» **DIRECTIONS**
What is wanted is an exact copy of all the entries.

___ RECORDS SHOWN ___

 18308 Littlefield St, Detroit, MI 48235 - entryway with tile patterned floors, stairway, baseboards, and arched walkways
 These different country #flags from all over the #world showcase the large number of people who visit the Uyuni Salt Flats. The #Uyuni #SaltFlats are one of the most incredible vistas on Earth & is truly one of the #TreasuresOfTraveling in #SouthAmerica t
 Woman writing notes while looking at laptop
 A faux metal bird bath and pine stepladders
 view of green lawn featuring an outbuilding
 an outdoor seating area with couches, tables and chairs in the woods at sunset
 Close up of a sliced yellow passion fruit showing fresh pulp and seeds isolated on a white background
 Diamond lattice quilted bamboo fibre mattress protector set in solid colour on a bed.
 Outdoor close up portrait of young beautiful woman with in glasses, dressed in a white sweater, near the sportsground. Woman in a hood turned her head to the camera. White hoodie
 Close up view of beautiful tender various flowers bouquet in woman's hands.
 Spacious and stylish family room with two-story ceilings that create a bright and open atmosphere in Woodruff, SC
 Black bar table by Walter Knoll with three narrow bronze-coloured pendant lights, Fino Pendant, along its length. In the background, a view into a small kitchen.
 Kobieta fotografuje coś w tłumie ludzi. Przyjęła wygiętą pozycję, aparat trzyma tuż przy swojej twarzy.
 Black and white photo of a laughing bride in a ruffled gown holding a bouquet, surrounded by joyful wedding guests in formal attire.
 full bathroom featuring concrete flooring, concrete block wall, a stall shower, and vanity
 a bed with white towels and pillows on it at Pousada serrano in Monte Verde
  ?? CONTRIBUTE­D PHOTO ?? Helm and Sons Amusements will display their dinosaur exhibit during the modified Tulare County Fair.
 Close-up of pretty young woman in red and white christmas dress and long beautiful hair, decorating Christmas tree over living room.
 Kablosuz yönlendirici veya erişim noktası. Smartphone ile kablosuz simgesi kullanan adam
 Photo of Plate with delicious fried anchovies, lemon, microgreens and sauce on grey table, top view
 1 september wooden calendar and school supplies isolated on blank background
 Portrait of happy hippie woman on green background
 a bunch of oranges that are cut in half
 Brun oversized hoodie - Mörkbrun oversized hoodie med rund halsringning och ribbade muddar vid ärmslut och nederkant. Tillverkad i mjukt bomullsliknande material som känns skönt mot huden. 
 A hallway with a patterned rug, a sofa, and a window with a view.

___

» **RESPONSE TO THIS TASK**
 18308 Littlefield St, Detroit, MI 48235 - entryway with tile patterned floors, stairway, baseboards, and arched walkways
 These different country #flags from all over the #world showcase the large number of people who visit the Uyuni Salt Flats. The #Uyuni #SaltFlats are one of the most incredible vistas on Earth & is truly one of the #TreasuresOfTraveling in #SouthAmerica t
 Woman writing notes while looking at laptop
 A faux metal bird bath and pine stepladders
 view of green lawn featuring an outbuilding
 an outdoor seating area with couches, tables and chairs in the woods at sunset
 Close up of a sliced yellow passion fruit showing fresh pulp and seeds isolated on a white background
 Diamond lattice quilted bamboo fibre mattress protector set in solid colour on a bed.
 Outdoor close up portrait of young beautiful woman with in glasses, dressed in a white sweater, near the sportsground. Woman in a hood turned her head to the camera. White hoodie
 Close up view of beautiful tender various flowers bouquet in woman's hands.
 Spacious and stylish family room with two-story ceilings that create a bright and open atmosphere in Woodruff, SC
 Black bar table by Walter Knoll with three narrow bronze-coloured pendant lights, Fino Pendant, along its length. In the background, a view into a small kitchen.
 Kobieta fotografuje coś w tłumie ludzi. Przyjęła wygiętą pozycję, aparat trzyma tuż przy swojej twarzy.
 Black and white photo of a laughing bride in a ruffled gown holding a bouquet, surrounded by joyful wedding guests in formal attire.
 full bathroom featuring concrete flooring, concrete block wall, a stall shower, and vanity
 a bed with white towels and pillows on it at Pousada serrano in Monte Verde
  ?? CONTRIBUTE­D PHOTO ?? Helm and Sons Amusements will display their dinosaur exhibit during the modified Tulare County Fair.
 Close-up of pretty young woman in red and white christmas dress and long beautiful hair, decorating Christmas tree over living room.
 Kablosuz yönlendirici veya erişim noktası. Smartphone ile kablosuz simgesi kullanan adam
 Photo of Plate with delicious fried anchovies, lemon, microgreens and sauce on grey table, top view
 1 september wooden calendar and school supplies isolated on blank background
 Portrait of happy hippie woman on green background
 a bunch of oranges that are cut in half
 Brun oversized hoodie - Mörkbrun oversized hoodie med rund halsringning och ribbade muddar vid ärmslut och nederkant. Tillverkad i mjukt bomullsliknande material som känns skönt mot huden. 
 A hallway with a patterned rug, a sofa, and a window with a view.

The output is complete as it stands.